Metadata-Version: 2.1
Name: loadhouse
Version: 0.1.3
Summary: A data loading and transformation engine for data lakehouses
Home-page: https://github.com/flynn/loadhouse
Author: Flynn
Classifier: Development Status :: 3 - Alpha
Classifier: Intended Audience :: Developers
Classifier: License :: OSI Approved :: MIT License
Classifier: Operating System :: OS Independent
Classifier: Programming Language :: Python :: 3
Classifier: Programming Language :: Python :: 3.8
Classifier: Programming Language :: Python :: 3.9
Classifier: Programming Language :: Python :: 3.10
Requires-Python: >=3.8
Description-Content-Type: text/markdown
Requires-Dist: pyspark>=3.5.0
Requires-Dist: delta-spark>=3.2.0
Requires-Dist: great-expectations>=0.18.8

# Loadhouse

A powerful ETL (Extract, Transform, Load) tool designed for data lakehouse architectures with JSON-based configuration.

## Overview

Loadhouse is a flexible data processing tool that simplifies ETL operations through JSON configuration.
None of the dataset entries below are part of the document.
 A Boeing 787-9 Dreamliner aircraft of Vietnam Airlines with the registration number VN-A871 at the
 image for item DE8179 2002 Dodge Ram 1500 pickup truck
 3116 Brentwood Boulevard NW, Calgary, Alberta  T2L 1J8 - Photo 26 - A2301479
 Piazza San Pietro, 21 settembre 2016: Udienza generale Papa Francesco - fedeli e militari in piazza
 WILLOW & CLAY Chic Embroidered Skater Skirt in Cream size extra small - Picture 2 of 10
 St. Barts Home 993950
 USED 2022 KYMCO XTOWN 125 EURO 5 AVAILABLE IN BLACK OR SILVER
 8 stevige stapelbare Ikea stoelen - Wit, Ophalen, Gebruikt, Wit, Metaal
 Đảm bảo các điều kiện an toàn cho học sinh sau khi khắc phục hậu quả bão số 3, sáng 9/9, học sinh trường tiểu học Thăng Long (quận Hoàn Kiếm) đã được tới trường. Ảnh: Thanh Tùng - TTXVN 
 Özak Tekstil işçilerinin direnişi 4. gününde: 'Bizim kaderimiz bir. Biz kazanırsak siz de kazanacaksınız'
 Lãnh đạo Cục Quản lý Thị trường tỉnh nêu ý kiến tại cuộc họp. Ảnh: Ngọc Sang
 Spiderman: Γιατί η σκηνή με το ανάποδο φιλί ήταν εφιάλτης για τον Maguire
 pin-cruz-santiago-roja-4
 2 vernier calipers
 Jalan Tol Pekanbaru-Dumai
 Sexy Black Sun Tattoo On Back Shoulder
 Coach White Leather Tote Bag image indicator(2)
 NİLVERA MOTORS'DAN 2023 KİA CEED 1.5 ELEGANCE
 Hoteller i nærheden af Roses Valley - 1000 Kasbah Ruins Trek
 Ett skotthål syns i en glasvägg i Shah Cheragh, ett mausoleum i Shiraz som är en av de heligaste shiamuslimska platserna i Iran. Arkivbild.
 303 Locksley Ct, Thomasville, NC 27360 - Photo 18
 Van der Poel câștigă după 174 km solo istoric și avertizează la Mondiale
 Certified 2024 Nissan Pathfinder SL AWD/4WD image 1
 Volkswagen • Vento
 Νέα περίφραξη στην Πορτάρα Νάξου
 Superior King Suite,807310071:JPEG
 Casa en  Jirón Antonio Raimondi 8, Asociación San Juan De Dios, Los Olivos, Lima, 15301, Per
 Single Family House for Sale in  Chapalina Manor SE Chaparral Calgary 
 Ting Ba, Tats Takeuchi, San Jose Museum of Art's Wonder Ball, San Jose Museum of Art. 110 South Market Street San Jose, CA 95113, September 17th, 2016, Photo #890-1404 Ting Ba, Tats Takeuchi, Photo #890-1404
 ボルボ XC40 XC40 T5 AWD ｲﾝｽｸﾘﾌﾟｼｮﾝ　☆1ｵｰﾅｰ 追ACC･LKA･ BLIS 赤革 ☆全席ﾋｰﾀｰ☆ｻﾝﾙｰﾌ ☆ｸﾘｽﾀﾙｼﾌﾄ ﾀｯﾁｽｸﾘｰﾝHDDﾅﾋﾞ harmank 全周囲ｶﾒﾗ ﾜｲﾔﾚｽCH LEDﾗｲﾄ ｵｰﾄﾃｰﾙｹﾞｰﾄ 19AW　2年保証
It supports various data sources and provides robust data transformation capabilities using Apache Spark.

## Features

- **Configurable Data Sources**
  - File-based (CSV, Delta, etc.)
  - JDBC connections
  - SQL queries
  - DataFrame operations

- **Data Transformations**
  - Expression filtering
  - Custom transformations
  - Data quality validation

- **Multiple Output Formats**
  - Delta Lake
  - File formats (CSV, Parquet, etc.)
  - Console output for debugging
- **Quality Checker**
  - Data quality patterns with Apache Airflow
  - Unit test Spark
  - Data validation with GX